[Required work]
The expected answer is the data below, printed verbatim without its pictures.

(Data extracted from a collection)

──────────

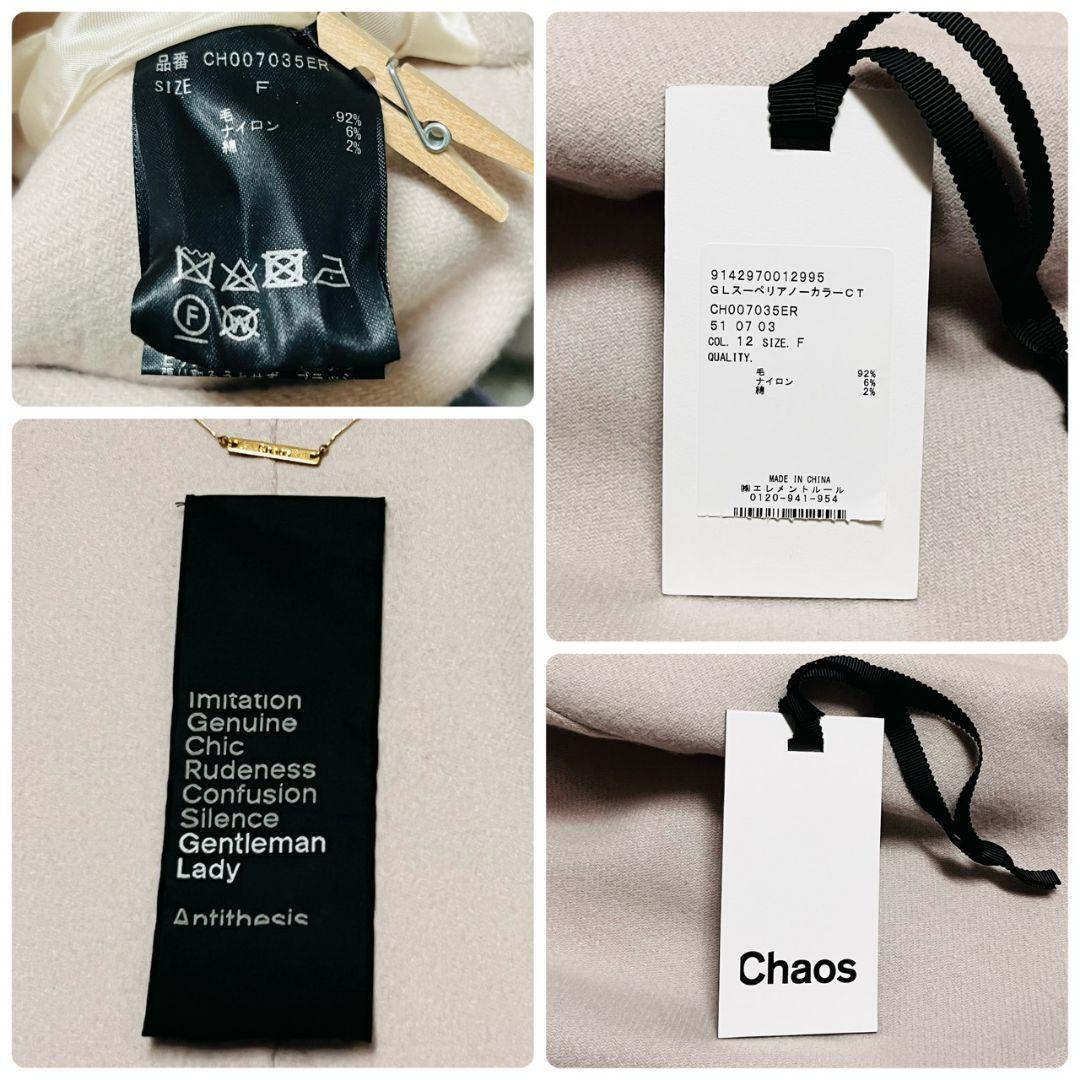 美品　カオス 11万　アールスーペリア ノーカラー ロングコート　ピンクベージュ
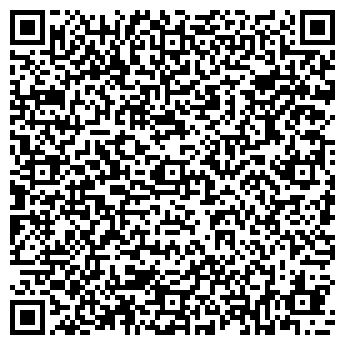 QR-код с контактной информацией организации АКСИОМА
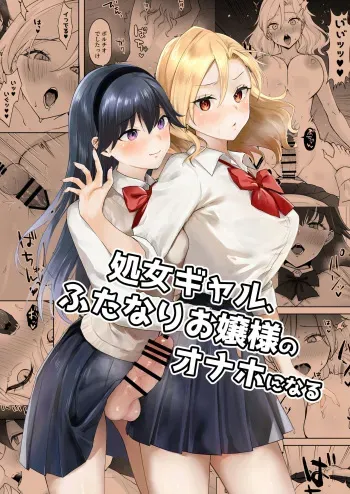 [Ginger Lily] Shojo Gal, Futanari Ojou-sama no Onaho ni Naru | Virgin Gal who Becomes a Pocket Pussy for a Futanari Young Lady [English] [Project Valvrein] manga cover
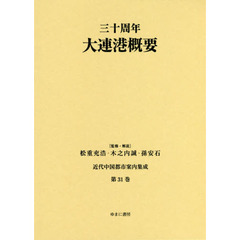 近代中国都市案内集成　第３１巻　復刻　三十周年大連港概要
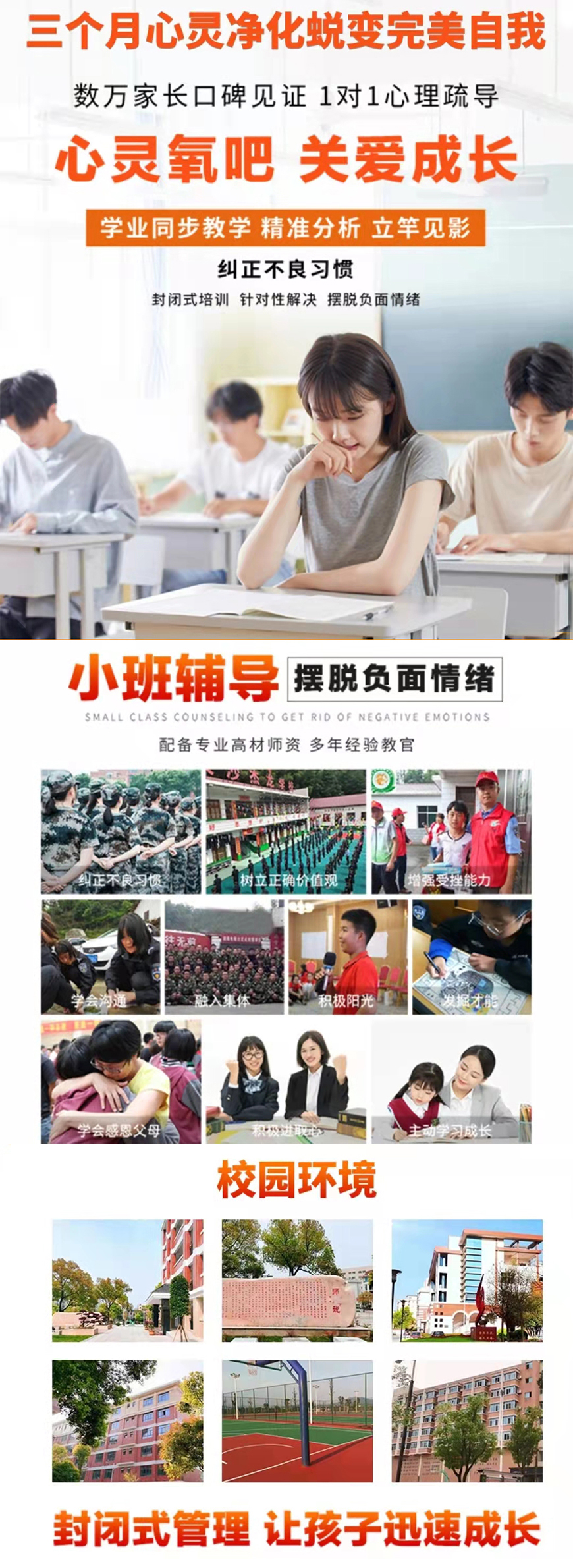 國(guó)內(nèi)十大排名青少年叛逆戒網(wǎng)癮學(xué)校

──────────

[Task output]
 美品　カオス 11万　アールスーペリア ノーカラー ロングコート　ピンクベージュ
 QR-код с контактной информацией организации АКСИОМА
 [Ginger Lily] Shojo Gal, Futanari Ojou-sama no Onaho ni Naru | Virgin Gal who Becomes a Pocket Pussy for a Futanari Young Lady [English] [Project Valvrein] manga cover
 近代中国都市案内集成　第３１巻　復刻　三十周年大連港概要
 國(guó)內(nèi)十大排名青少年叛逆戒網(wǎng)癮學(xué)校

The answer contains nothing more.